O seguinte trecho do poema 1755 talvez ajude a entender o que tento dizer:

Das veias da caiana até os tonéis de umburana
Sobre um ourives Rio de história uma Ponte Nova envelhece
Muda, escuta de si mesmo
A voz do povo  sofrer um gemido gentílico 

Estes versos nos ensinam sobre nossa história de uma forma dura, sem qualquer anestésico. Costa Melo abre mão do carinho hipócrita do romantismo, que cobre de glória uma realidade de sangue e dor. A identidade poética, a originalidade da poesia de Costa Melo estão em não se servir dos recursos poéticos de modo a encobrir a aspereza da realidade de nossa história, totalmente desprovida de qualquer glória, sendo mesmo ultrajante e em muitos aspectos vergonhosa. Ao contrário, Costa Melo lança a luz mais intensa sobre esse absurdo, produzindo um efeito poético sutil, mas que garante à sua poesia toda vibração artística de que necessita.
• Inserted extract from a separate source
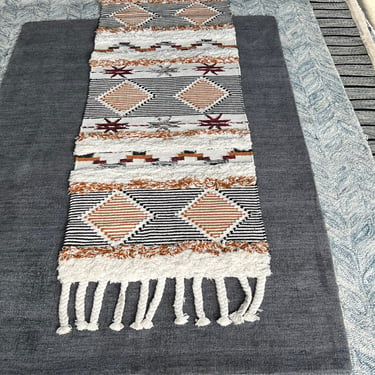 2'6&quot; x 8  Tribal Design Runner- Charcoal, Cream and Orange Thick Fringe HOP104-R18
São versos que desconstroem essa visão gloriosa de nossa história tal qual está representada em nossa bandeira, onde um índio e um bandeirante dividem pacificamente o mesmo quadro. Essa imagem romântica em que opressor e oprimido são colocados como iguais é abjeta e deve ser rejeitada a todo custo. Vêm-me à mente agora os seguintes versos do poema Aos Esquecidos:


Escravos das ruínas de Santa Helena
Botocudos da fé de Cristo
De suor e calo
O café
Na borra das memórias
Escravizam meus antepassados em colheitas de aniversário esquecido

O bagaço da cana é sangue é foice e facão
Meu povo retalhado na excomunhão da lavoura sem o doce sem o mel
Somente o meu povo, na excomunhão da lavoura

Arde o peito
Quem é gente sente que é bicho domável de humano

Esses versos me levam a uma analogia estranha. Esses dois poemas geram imagens interessantes, duras, secas, ásperas, terríveis até. Contem um excesso de realidade que espanta! Lembram-me dos mestres do neorrealismo italiano e seus filmes mais neorrealistas: Vitorio de Sicca com seu Ladrões de Bicicleta,  Roberto Rosselini  com Roma Cidade Aberta e Luchino Visconti  com A Terra Treme. Esses dois poemas de Costa Melo produzem imagens como aquelas presentes nos filmes desses mestres do cinema neorrealista italiano! São poemas neorrealistas, sem dúvida. Certamente esses versos tem o mesmo poder de Ladrões de Bicicleta e A Terra Treme, devido aos contornos fortes dados à condição humana, o conflito que se resume a sobrevivência dentro de uma sociedade opressora, que produz histórias, imagens e acontecimentos dolorosos. Não há como conter as lágrimas diante dessas revelações!
Vivemos um momento em que precisamos disso, renovação, arejar nossos sentidos estéticos. Precisamos de poetas como Costa Melo para acabar com o rotulo de poeta como aquele indivíduo que faz versinhos românticos, bonitinhos, ocos, meros adornos da linguagem. Essa coisa pra saraus, que não passa de mais do mesmo, feita pra se recitar nos aniversários de famílias e festas de casamento. Resinificar o conceito de poeta, este não pode mais ser concebido como aquele capaz de dizer coisas bonitas e agradáveis. Esse me desculpem os cristãos, merece sentir a fúria do chicote romano.  
Por quebrar esse estereótipo, por trazer à nós leitores versos jovens e cheios de vida, eu celebro esse livro Um Lugar no Absurdo! Há muito mais a dizer sobre esse livro, deixarei pra outro momento, pois o impulso por ele ativado já se estendeu demais.